Jaime, un legado de amor y superación
Mi nombre es Raquel y aunque hoy narro mi historia en primera persona el auténtico protagonista de ella es mi hijo Jaime. Un niño muy deseado y querido por sus padres y su hermanito mayor, un bebé precioso que nació hace 16 años con un corazón especial. A los tres días de nacer, los médicos le diagnosticaron una cardiopatía congénita. Una cardiopatía que no le permitió vivir la vida que me hubiese gustado para él.

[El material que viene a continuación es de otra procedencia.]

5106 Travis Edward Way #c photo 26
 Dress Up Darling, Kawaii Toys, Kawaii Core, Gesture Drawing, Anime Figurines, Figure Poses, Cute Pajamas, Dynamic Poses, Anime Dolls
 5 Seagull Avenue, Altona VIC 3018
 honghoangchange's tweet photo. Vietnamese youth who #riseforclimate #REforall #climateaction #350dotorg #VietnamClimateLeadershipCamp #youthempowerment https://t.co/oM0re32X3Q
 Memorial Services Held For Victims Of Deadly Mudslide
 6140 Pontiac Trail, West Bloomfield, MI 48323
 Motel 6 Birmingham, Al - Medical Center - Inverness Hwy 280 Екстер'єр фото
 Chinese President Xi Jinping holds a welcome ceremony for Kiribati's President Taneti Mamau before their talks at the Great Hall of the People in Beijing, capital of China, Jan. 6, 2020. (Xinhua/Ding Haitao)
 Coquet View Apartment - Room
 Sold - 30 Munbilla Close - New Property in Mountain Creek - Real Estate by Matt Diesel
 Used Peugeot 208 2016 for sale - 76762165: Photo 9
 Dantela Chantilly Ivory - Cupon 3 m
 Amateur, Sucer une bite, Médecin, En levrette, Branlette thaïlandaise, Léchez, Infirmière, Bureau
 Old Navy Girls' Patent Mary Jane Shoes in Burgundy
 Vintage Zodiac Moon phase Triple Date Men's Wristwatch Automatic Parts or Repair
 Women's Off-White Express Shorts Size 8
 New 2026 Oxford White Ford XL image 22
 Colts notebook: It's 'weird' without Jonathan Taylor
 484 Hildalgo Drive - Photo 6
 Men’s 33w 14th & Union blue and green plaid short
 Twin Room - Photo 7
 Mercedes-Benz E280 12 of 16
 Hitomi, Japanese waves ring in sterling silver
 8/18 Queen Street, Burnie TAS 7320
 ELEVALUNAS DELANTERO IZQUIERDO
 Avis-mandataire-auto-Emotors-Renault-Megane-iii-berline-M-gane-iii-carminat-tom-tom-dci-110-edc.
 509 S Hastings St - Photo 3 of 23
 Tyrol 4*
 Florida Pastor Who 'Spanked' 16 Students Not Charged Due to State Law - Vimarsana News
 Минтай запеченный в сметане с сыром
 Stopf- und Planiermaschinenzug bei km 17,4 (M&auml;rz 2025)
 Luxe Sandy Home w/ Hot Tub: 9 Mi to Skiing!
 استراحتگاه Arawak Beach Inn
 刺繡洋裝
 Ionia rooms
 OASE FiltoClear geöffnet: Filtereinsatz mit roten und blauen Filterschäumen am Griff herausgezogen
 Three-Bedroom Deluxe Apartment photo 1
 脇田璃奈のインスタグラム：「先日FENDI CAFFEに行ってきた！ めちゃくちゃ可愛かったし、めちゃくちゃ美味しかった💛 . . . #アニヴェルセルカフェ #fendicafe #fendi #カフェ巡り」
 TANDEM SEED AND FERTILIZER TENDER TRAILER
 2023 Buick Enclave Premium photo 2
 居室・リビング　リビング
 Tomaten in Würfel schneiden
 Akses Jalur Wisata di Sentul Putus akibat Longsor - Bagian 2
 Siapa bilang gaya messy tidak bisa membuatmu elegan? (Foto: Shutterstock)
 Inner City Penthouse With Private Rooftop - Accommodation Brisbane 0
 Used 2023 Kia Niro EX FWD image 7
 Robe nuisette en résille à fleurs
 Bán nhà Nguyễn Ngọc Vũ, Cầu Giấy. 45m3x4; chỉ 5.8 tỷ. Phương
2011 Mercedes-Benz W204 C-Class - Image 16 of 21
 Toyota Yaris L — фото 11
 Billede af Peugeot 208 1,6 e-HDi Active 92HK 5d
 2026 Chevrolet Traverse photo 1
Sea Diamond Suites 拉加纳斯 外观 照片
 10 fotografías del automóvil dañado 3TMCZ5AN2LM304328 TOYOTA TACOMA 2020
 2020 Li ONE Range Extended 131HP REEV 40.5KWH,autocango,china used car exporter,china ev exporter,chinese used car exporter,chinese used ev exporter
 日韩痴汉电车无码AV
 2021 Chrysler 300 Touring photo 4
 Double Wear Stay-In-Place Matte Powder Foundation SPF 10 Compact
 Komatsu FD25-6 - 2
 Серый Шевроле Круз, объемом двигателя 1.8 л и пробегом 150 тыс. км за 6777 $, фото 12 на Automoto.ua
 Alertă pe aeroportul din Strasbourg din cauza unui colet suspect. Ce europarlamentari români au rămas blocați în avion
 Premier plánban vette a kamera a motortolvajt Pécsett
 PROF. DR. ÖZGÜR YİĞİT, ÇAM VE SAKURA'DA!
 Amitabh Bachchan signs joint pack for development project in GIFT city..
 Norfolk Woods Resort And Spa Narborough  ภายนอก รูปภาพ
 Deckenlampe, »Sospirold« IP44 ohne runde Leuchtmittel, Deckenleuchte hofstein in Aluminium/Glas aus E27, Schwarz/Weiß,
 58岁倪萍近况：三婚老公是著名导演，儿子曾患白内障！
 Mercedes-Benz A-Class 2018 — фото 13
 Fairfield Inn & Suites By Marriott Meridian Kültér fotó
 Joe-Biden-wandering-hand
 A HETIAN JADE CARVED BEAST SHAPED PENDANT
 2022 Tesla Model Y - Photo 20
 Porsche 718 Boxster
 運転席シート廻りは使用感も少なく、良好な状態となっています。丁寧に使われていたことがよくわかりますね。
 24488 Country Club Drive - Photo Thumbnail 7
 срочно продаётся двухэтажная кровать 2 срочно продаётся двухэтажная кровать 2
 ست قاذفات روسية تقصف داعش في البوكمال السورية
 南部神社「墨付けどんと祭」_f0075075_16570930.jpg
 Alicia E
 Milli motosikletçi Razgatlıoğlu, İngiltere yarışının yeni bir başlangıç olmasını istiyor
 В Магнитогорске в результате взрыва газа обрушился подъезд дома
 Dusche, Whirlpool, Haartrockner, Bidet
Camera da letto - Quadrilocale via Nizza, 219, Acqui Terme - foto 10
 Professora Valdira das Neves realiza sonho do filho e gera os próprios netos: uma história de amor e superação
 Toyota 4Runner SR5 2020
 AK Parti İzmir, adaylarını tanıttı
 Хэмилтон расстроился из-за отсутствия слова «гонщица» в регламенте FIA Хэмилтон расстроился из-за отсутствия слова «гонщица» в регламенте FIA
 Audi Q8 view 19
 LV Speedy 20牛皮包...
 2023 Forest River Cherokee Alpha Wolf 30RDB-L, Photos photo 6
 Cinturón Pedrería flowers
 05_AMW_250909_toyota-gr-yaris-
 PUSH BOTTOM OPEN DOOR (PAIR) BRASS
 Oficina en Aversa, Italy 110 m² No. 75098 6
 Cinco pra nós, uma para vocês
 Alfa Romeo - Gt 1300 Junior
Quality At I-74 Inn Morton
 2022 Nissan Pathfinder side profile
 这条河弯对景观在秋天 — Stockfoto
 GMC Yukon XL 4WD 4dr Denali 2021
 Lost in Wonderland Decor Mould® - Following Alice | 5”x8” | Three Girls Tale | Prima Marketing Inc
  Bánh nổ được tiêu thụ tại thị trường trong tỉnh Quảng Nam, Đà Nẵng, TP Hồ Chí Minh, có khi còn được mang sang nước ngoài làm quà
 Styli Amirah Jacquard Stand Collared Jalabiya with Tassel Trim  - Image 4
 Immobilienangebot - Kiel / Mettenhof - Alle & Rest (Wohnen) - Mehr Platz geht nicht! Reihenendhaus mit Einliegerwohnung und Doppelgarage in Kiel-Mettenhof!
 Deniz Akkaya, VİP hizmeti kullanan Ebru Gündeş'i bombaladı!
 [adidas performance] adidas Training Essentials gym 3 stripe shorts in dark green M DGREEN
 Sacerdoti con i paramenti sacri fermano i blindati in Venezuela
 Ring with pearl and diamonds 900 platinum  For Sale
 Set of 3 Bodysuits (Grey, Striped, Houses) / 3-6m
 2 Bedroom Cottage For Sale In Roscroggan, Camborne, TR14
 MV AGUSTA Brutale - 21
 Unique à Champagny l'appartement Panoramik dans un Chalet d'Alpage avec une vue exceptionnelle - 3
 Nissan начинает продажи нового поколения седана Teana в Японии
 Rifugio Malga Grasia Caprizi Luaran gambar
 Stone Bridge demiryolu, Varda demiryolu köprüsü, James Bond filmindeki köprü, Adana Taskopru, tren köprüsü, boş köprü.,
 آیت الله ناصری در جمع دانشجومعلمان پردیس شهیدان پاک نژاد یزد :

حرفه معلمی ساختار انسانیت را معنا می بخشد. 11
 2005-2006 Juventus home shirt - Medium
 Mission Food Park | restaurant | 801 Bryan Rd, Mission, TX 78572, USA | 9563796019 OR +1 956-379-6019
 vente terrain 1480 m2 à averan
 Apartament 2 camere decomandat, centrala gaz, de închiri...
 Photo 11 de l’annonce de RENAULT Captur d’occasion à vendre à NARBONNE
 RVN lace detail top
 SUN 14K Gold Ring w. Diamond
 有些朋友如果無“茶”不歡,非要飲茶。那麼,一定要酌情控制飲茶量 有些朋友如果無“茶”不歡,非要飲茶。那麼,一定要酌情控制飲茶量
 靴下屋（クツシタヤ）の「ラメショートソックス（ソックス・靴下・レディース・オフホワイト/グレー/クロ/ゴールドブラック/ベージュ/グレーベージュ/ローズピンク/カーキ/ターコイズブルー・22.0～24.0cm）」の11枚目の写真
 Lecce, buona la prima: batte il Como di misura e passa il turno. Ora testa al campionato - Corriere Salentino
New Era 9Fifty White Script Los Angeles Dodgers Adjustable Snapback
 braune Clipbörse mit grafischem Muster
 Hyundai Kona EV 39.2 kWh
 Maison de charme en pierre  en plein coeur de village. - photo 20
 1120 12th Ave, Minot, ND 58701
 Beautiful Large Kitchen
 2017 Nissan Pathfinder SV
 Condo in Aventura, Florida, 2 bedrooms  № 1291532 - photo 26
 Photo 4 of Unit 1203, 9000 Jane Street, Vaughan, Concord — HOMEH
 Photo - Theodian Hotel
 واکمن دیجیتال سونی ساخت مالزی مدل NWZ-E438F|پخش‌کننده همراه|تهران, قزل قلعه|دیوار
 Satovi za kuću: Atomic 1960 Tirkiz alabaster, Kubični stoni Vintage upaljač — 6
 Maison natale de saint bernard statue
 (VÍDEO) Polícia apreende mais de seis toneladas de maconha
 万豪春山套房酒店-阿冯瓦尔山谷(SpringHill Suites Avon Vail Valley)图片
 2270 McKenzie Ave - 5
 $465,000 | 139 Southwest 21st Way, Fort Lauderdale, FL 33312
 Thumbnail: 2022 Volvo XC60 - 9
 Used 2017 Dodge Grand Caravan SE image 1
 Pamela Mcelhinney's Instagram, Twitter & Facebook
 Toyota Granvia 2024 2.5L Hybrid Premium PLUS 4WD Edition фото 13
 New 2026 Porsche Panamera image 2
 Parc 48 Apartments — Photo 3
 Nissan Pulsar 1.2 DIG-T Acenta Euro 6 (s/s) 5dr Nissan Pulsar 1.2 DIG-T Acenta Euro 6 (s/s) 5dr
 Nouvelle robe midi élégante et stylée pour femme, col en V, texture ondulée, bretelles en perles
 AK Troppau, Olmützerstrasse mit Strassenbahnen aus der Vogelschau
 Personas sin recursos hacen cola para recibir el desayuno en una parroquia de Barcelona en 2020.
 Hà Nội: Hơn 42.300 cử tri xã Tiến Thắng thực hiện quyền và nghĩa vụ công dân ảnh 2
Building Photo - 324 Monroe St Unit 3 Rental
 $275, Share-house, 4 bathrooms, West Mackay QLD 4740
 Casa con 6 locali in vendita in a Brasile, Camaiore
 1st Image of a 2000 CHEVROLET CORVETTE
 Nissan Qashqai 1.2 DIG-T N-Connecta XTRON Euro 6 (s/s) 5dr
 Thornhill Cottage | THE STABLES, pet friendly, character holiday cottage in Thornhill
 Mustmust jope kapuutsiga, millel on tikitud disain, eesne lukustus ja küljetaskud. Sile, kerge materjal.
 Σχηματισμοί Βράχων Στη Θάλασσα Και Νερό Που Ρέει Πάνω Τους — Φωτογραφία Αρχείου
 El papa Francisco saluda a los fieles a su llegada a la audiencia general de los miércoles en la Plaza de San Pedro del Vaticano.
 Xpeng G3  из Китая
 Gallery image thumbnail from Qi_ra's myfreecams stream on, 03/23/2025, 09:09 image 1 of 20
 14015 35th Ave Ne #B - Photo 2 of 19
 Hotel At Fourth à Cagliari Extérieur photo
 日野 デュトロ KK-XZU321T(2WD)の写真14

Fueron 21 días en una UCIP, luchando a su lado, hasta que un día su pequeño corazón dejó de latir.
He aprendido a vivir con la pérdida, a integrarla en mi vida y mi corazón, pero su fallecimiento supuso un dolor infinito para mí: se me rompió el alma literalmente. Me sentí vacía, estafada por la vida, que me había arrebatado de esa manera tan brutal a mi bebé.
Al principio, tenía en mi interior una mezcla de emociones y sentimientos: incredulidad, tristeza, rabia, culpa, dolor, miedo (miedo a sufrir más, a que volviera a pasar, miedo a tener ilusiones que pudieran frustrarse). Pero también, al mismo tiempo, pensaba en el amor que le habíamos dado a nuestro hijo durante el tiempo que lo tuvimos; en lo orgullosos que estábamos de él, que había luchado tanto en tan poco tiempo; en que esa vida tan bonita que no podía quedarse solo ahí… Y comenzamos a pensar en crear el legado de la vida de Jaime.
Transformar el dolor
Yo siempre he dicho que mi hijo “me hizo mayor” y me dio la mejor lección de vida. Me propuse hacer de esta experiencia mi propósito vital. Quería transformar el dolor en algo positivo y dar sentido a su vida. Me propuse vivir la vida por él, ser la madre que él hubiera querido tener, y construir el cambio que él había provocado. Me di cuenta de que no importa tanto la duración de una vida, sino su impacto, su “para qué”.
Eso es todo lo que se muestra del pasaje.